Only the lines from the one containing "Agua Micelar Desmaquillante 500ml" through the final line below belong in the output, copied exactly and without pictures.
GIVEN DATA: Begin
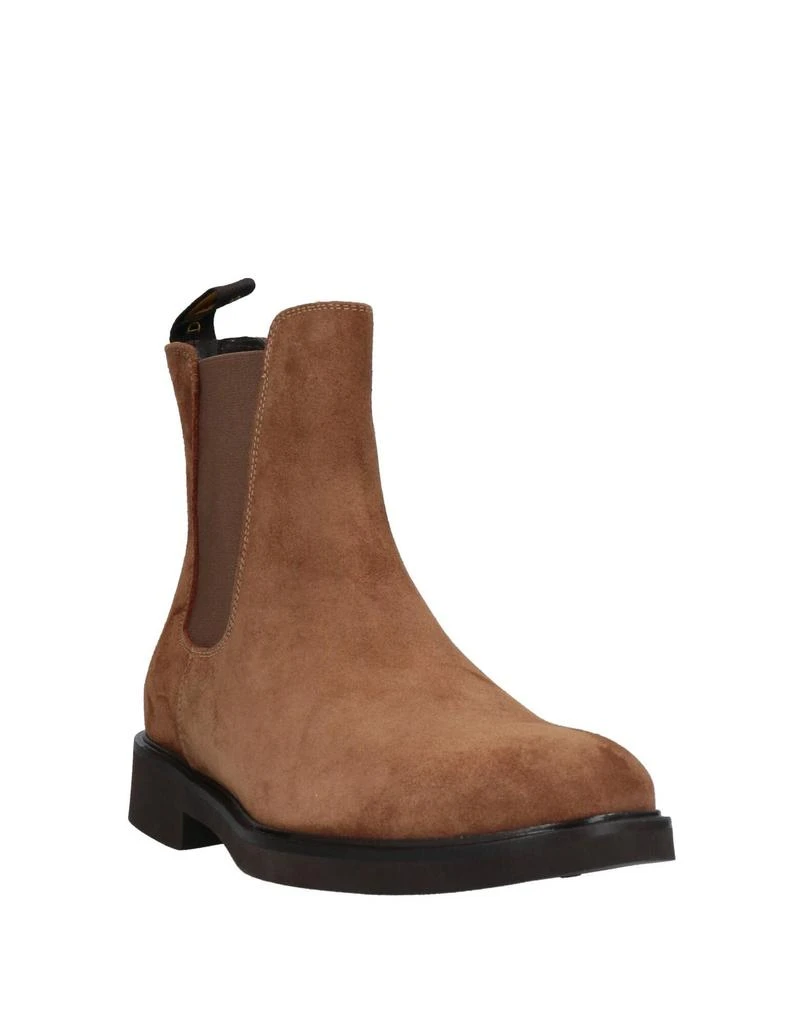 商品DOUCAL'S|Ankle boot,价格¥592,第2张图片详细描述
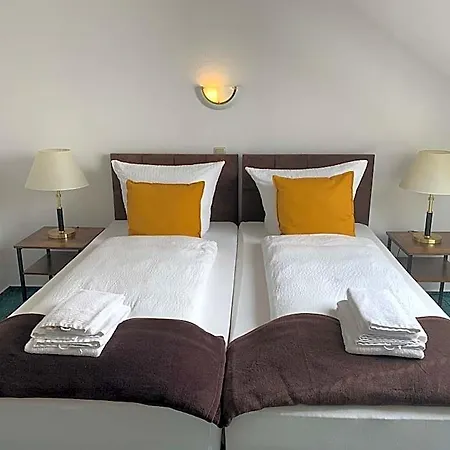 Rosengarten Hotel 3*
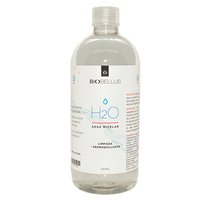 Agua Micelar Desmaquillante 500ml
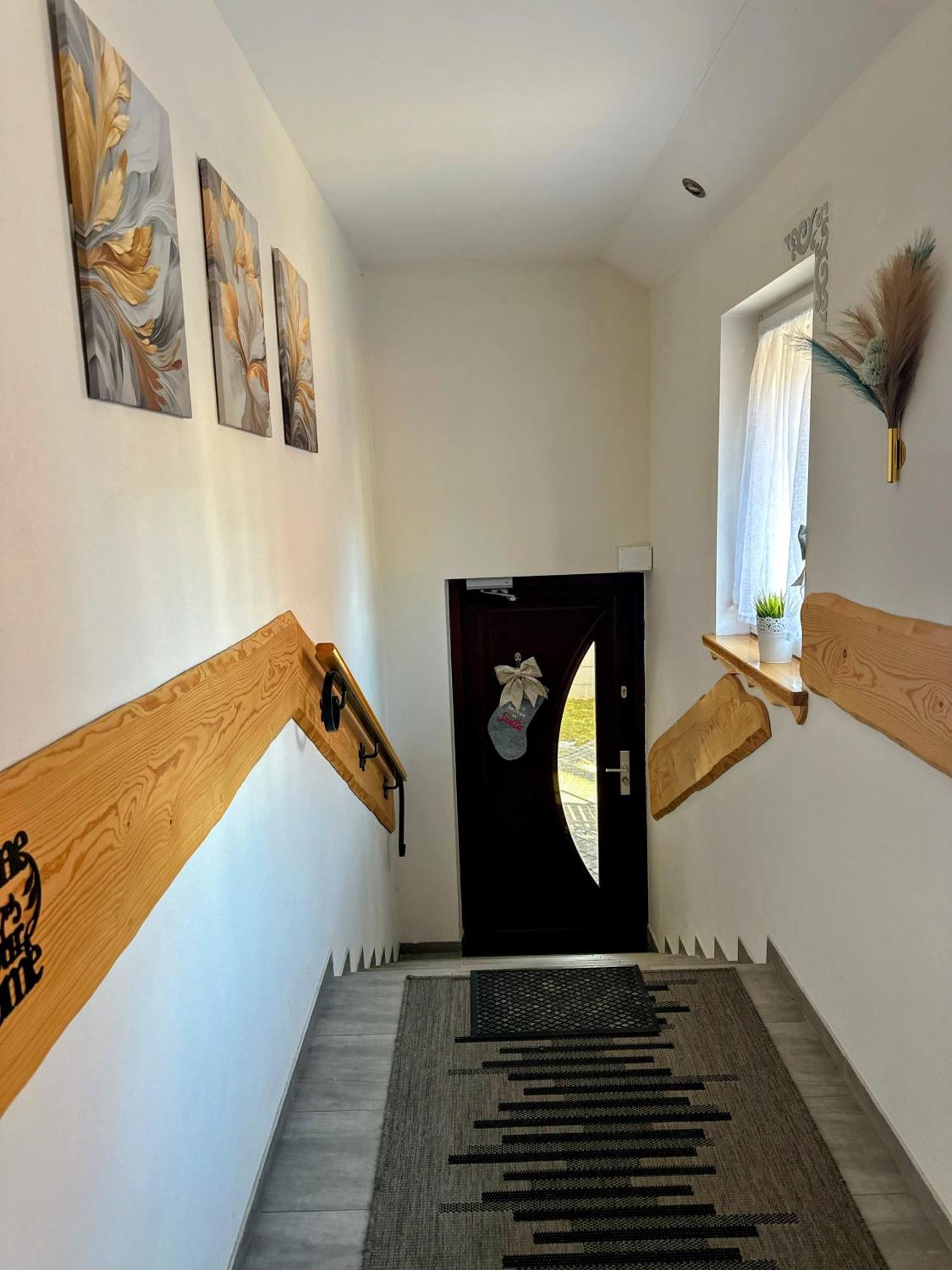 Podhalanska Chata Zakopane Exterior foto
GIVEN DATA: End
SOLVED EXERCISE:
 Agua Micelar Desmaquillante 500ml
 Podhalanska Chata Zakopane Exterior foto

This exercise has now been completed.